The waiver of coinsurance and deductibles owed by patients treated by physicians and other health care providers has come under increased scrutiny recently. Although there are no clear legal prohibitions, commercial health insurers have aggressively pursued out-of-network providers who fail to collect or waive amounts owed by their insureds under different statutory regulations.
There have also been several recent settlements by health care providers resolving allegations of violating the False Claims Act for routinely waiving coinsurance amounts for Medicare beneficiaries.
In a recent case, Aetna sued Foundation Surgery Affiliates (FSA) and Foundation Surgery Management (FSM) for providing financial incentives, or kickbacks, to doctors to refer patients to Huntingdon Valley Surgery Center (Surgery Center) and for engaging in fraudulent billing practices. A federal appellate court in Pennsylvania agreed with a lower court’s ruling that the defendants cannot be liable under the state’s anti-kickback law because they are not licensed health care providers; however, the court also concluded that there was a genuine dispute of material fact as to whether it was fraudulent for the defendants to bill Aetna without disclosing the fact that they had waived the patient’s copay and deductible obligations.
The Surgery Center is not a contracted network provider with Aetna. By waiving the copay and deductible obligations, Aetna members can obtain services at the Surgery Center for approximately the same rate as they would pay at an in-network surgery center.
According to the court, the disclosure obligations of the Surgery Center of routinely waiving a patient’s obligations would arise from the language of the billing forms it submits to Aetna or any contractual agreements with Aetna that require such disclosure. The court found that the billing form asks a provider to list the “total charges” and does not specify whether that term refers to the list prices or the amounts the provider actually expects to receive.

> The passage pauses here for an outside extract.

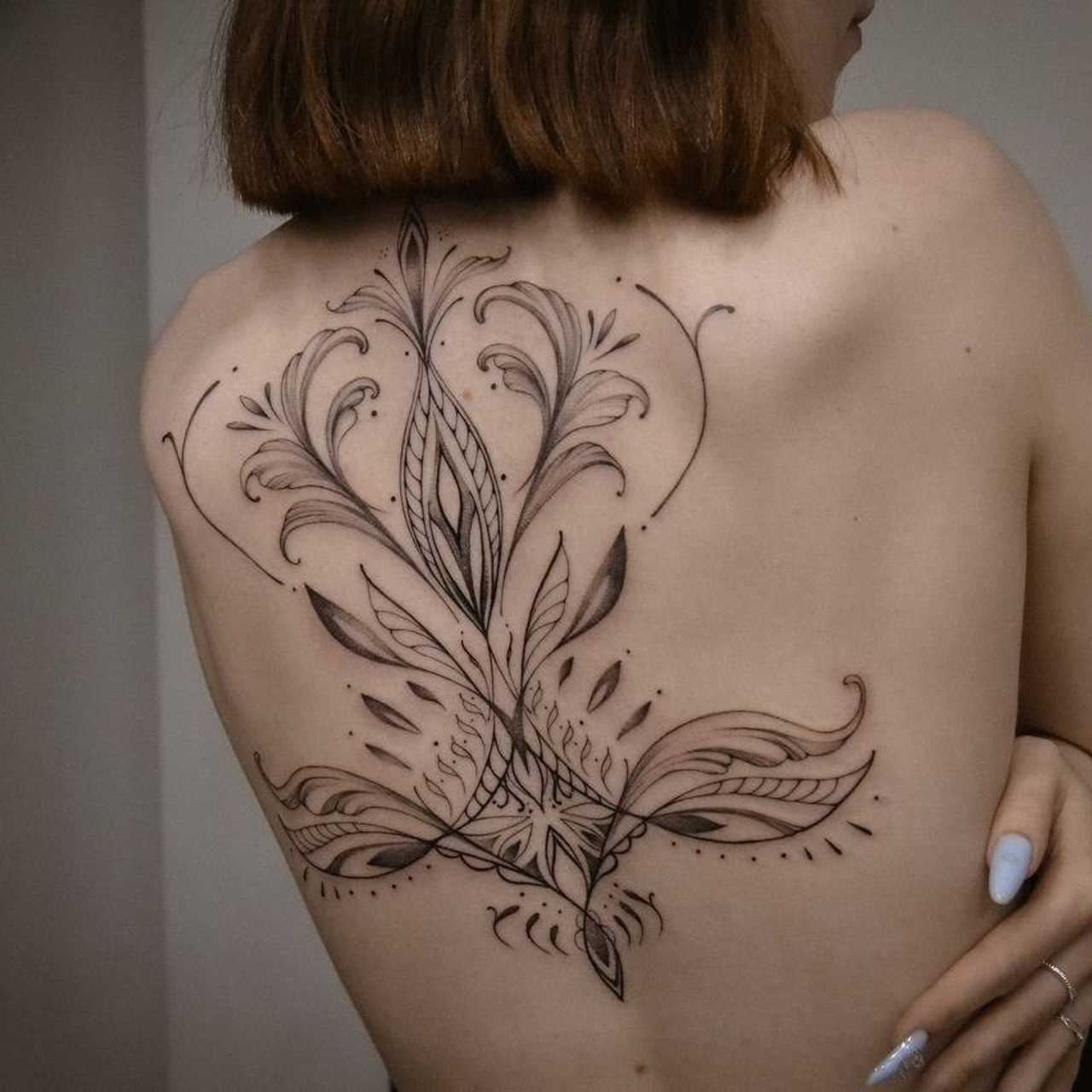 Мария Жиркова. Обучение тату Хабаровск. Диплом гос.образца. татуировки Хабаровск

The court also found that the Surgery Center’s rental network contracts (i.e., Beech Street and MultiPlan) through which its claims are processed did not clarify what information is required to be disclosed on the billing form. The court concluded that a lower district court erred in ruling that the Surgery Center’s billing practices (i.e., not disclosing that it had waived the patient’s obligation) are not fraudulent under Pennsylvania state law.

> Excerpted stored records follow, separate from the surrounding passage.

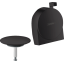 Зовнішня частина сифона Hansgrohe Exafill S Matt Black 58117670
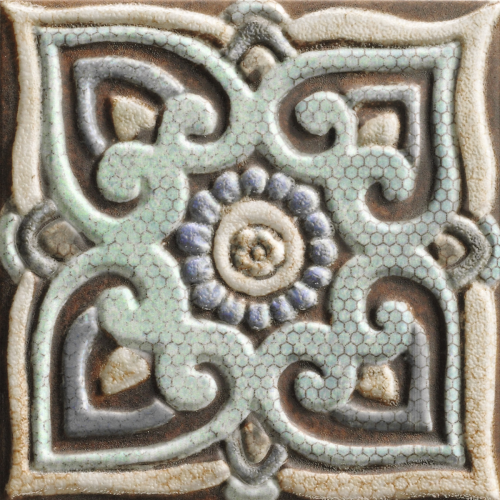 Керамическая плитка Mainzu Mandala PT02776 Centro Matt  20x20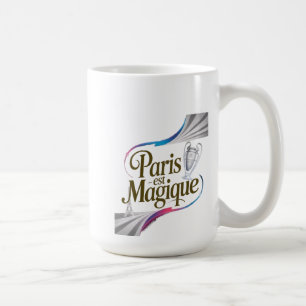 PSG Dominates Coffee Mug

The issue of wavier of patient copays rarely arises with respect to the Medicare program because the OIG has issued several guidance documents and fraud alerts warning providers against this particular practice. The OIG and other government agencies have articulated a longstanding position that co-pay waivers inflate the amount Medicare pays for services. In a 1984 OIG Fraud Alert, the OIG commented “if a supplier claims that its charge for a piece of equipment is $100.00, but routinely waives the co-payment, the actual charge is $80.00.” The OIG warned providers in the 1984 Fraud Alert that the routine waiver of Medicare copayments and deductibles can result in False Claims Act and Anti-Kickback Statute violations.

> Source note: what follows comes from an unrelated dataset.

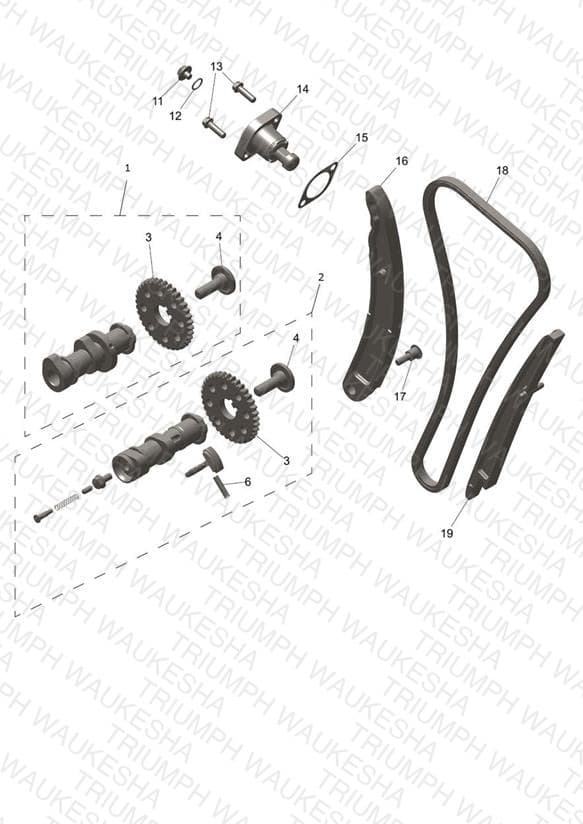 Assembly schematic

In another recent case, a hematology-oncology physician group practice in New York agreed to pay $5.31 million to settle allegations of routinely waiving coinsurance amounts owed by Medicare beneficiaries. According to the complaint filed by a whistleblower, “the physician group routinely waived co-payments, without making an individualized determination of financial hardship or exhausting reasonable collection efforts.” Patients were given a pass because they had high balances, said they could not pay, or were frequent patients. According to the complaint, Hudson Valley often waived the co-payment even if the patient did not request a waiver. Hudson Valley would note the automatic waiver in its billing system by indicating “9212 courtesy write-off.”
These cases are a reminder to physicians and other providers to (1) implement clear, realistic guidelines for evaluating financial hardship; (2) maintain documentation of financial hardship determinations; and (3) engage in reasonable, documented efforts to collect amounts owed by patients. Providers should consider implementing these safeguards related to patients covered by all types of third-party payers, including Medicare and commercial payers.